34

In this answer, zwol made this claim:

The correct way to convert two bytes of data from an external source into a 16-bit signed integer is with helper functions like this:

#include <stdint.h>

int16_t be16_to_cpu_signed(const uint8_t data[static 2]) {
    uint32_t val = (((uint32_t)data[0]) << 8) | 
                   (((uint32_t)data[1]) << 0);
    return ((int32_t) val) - 0x10000u;
}

int16_t le16_to_cpu_signed(const uint8_t data[static 2]) {
    uint32_t val = (((uint32_t)data[0]) << 0) | 
                   (((uint32_t)data[1]) << 8);
    return ((int32_t) val) - 0x10000u;
}

Which of the above functions is appropriate depends on whether the array contains a little endian or a big endian representation. Endianness is not the issue at question here, I am wondering why zwol subtracts 0x10000u from the uint32_t value converted to int32_t.

Why is this the correct way?

How does it avoid the implementation defined behavior when converting to the return type?

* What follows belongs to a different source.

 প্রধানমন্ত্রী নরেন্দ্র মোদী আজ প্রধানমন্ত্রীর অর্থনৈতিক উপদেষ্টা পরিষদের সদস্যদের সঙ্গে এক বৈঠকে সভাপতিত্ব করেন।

Since you can assume 2's complement representation, how would this simpler cast fail: return (uint16_t)val;

What is wrong with this naive solution:

int16_t le16_to_cpu_signed(const uint8_t data[static 2]) {
    return (uint16_t)data[0] | ((uint16_t)data[1] << 8);
}
chqrlie
  • 131,814
  • 10
  • 121
  • 189
  • The exact behavior when casting to `int16_t` is implementation-defined, so the naive approach isn't portable. – nwellnhof Mar 26 '20 at 09:56
  • @nwellnhof there is no cast to `int16_t` – M.M Mar 26 '20 at 09:57
  • The question in the title can't be answered without specifying which mapping to use – M.M Mar 26 '20 at 10:17
  • 4
    Both approaches rely on implementation defined behavior (converting an unsigned value to a signed type that can't represent the value). Eg. in the first approach, `0xFFFF0001u` can't be represented as `int16_t`, and in the second approach `0xFFFFu` can't be represented as `int16_t`. – Sander De Dycker Mar 26 '20 at 10:25
  • 1
    "Since you can assume 2's complement representation" [citation needed]. C89 and C99 certainly did not deny 1s complement and sign-magnitude representations. Q.v., https://stackoverflow.com/questions/12276957/are-there-any-non-twos-complement-implementations-of-c – Eric Towers Mar 26 '20 at 21:55
  • @EricTowers: `int16_t` and `int32_t` are mandated to use 2's complement representation without padding bits. We are in known territory :) – chqrlie Mar 26 '20 at 23:10
  • Specifying the behavior of conversions between `intxx_t` and `uintxx_t` would be a welcome improvement. I cannot imagine a downside for this. – chqrlie Mar 26 '20 at 23:12
  • Could use a table lookup `int16_t table[256][256];` – stark Mar 30 '20 at 15:04
  • Why are you shifting by zero? Just a regular cast will do. – Leslie Satenstein Apr 01 '20 at 01:43
  • @LeslieSatenstein: I assume zwol added a dummy shift by zero to underscore the symmetry of the operation. It is useless but harmless and does not cause the compiler to generate any code (except maybe with optimisations disabled). – chqrlie Apr 01 '20 at 07:13

7 Answers7

20

If int is 16-bit then your version relies on implementation-defined behaviour if the value of the expression in the return statement is out of range for int16_t.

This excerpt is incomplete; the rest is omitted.